Supplied information START

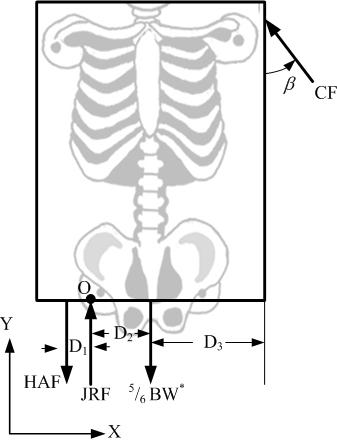 Figure 4.19: Free body diagram of the upper body. Five sixths body weight (5/6 BW ) is the weight of the body minus the stance leg. Skeleton picture is from the web [29].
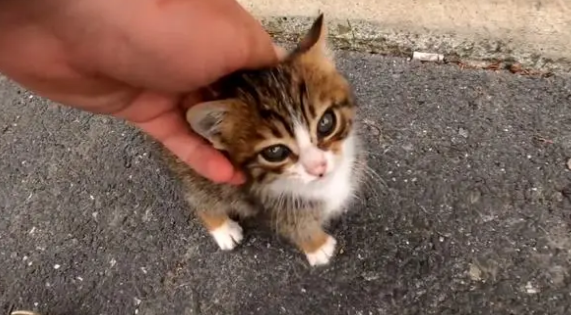 让流浪猫帮忙找丢失的猫，但有种猫靠不住，还可能更糟糕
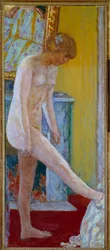 Desnudo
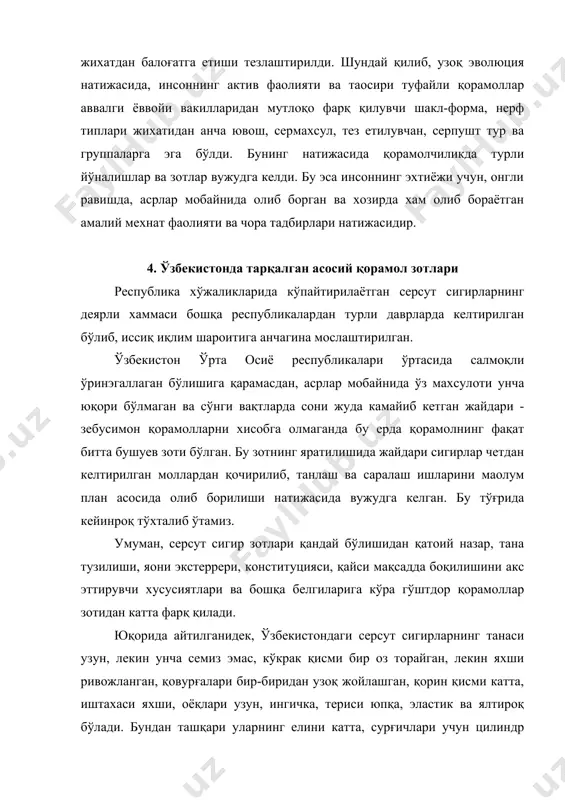 а, шунингдек, айрим қон касалликларига чидамли хайвон хисобланади. бу зотнинг яратилишига рус агрономи м.м.бушуев асос солган. у мирзачўл зонасидаги махаллий сигирларни четдан келтирилган голланд ва швиц зот буқалардан қочириб, олинган дурагайларни яхши тарбиялаш ва парвариш қилиш натижасида етиштирган. бу зотнинг ранги асосан оқ, лекин танасининг айрим жойлари - боши, оёғи, қулоғи, қорни ва бошқа жойлари қора, жигар ранг, қизил бўлади. баoзан уларнинг ранги бутунлай оқ бўлиши мумкин. у асосан сирдарё ва қисман жиззах областлари хўжаликларда, шунингдек, тошкент области колхоз-совхозларида учрайди. сигирларнинг тирик вазни 400-450 кг, буқаларники 600-700 кг ва ундан ортиқ бўлади. улар соғин даврида 2500-3000 кг, рекордчи сигирлар 5000-5200 кг сут беради. сутидаги ёғ миқдори ўртача 4,1-4,4% ни ташкил этади. сигирларнинг сути серқаймоқлиги билан бошқа зот сигирларининг сутидан фарқ қилади. ўзбекистон хўжаликларида юқорида номлари айтиб ўтилган гўштдор зотларнинг фақат айримлари (қозоқи оқбош, санта-гертруда, абердин-ангус, герефорд ва жуда оз миқдорда қалмоқ зотлари) кўпайтирилади. чунки республикамизда табиий яйловлар оз бўлиши туфайли …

Supplied information END

Write out the data above in full and exactly, but not the pictures.

 Figure 4.19: Free body diagram of the upper body. Five sixths body weight (5/6 BW ) is the weight of the body minus the stance leg. Skeleton picture is from the web [29].
 让流浪猫帮忙找丢失的猫，但有种猫靠不住，还可能更糟糕
 Desnudo
 а, шунингдек, айрим қон касалликларига чидамли хайвон хисобланади. бу зотнинг яратилишига рус агрономи м.м.бушуев асос солган. у мирзачўл зонасидаги махаллий сигирларни четдан келтирилган голланд ва швиц зот буқалардан қочириб, олинган дурагайларни яхши тарбиялаш ва парвариш қилиш натижасида етиштирган. бу зотнинг ранги асосан оқ, лекин танасининг айрим жойлари - боши, оёғи, қулоғи, қорни ва бошқа жойлари қора, жигар ранг, қизил бўлади. баoзан уларнинг ранги бутунлай оқ бўлиши мумкин. у асосан сирдарё ва қисман жиззах областлари хўжаликларда, шунингдек, тошкент области колхоз-совхозларида учрайди. сигирларнинг тирик вазни 400-450 кг, буқаларники 600-700 кг ва ундан ортиқ бўлади. улар соғин даврида 2500-3000 кг, рекордчи сигирлар 5000-5200 кг сут беради. сутидаги ёғ миқдори ўртача 4,1-4,4% ни ташкил этади. сигирларнинг сути серқаймоқлиги билан бошқа зот сигирларининг сутидан фарқ қилади. ўзбекистон хўжаликларида юқорида номлари айтиб ўтилган гўштдор зотларнинг фақат айримлари (қозоқи оқбош, санта-гертруда, абердин-ангус, герефорд ва жуда оз миқдорда қалмоқ зотлари) кўпайтирилади. чунки республикамизда табиий яйловлар оз бўлиши туфайли …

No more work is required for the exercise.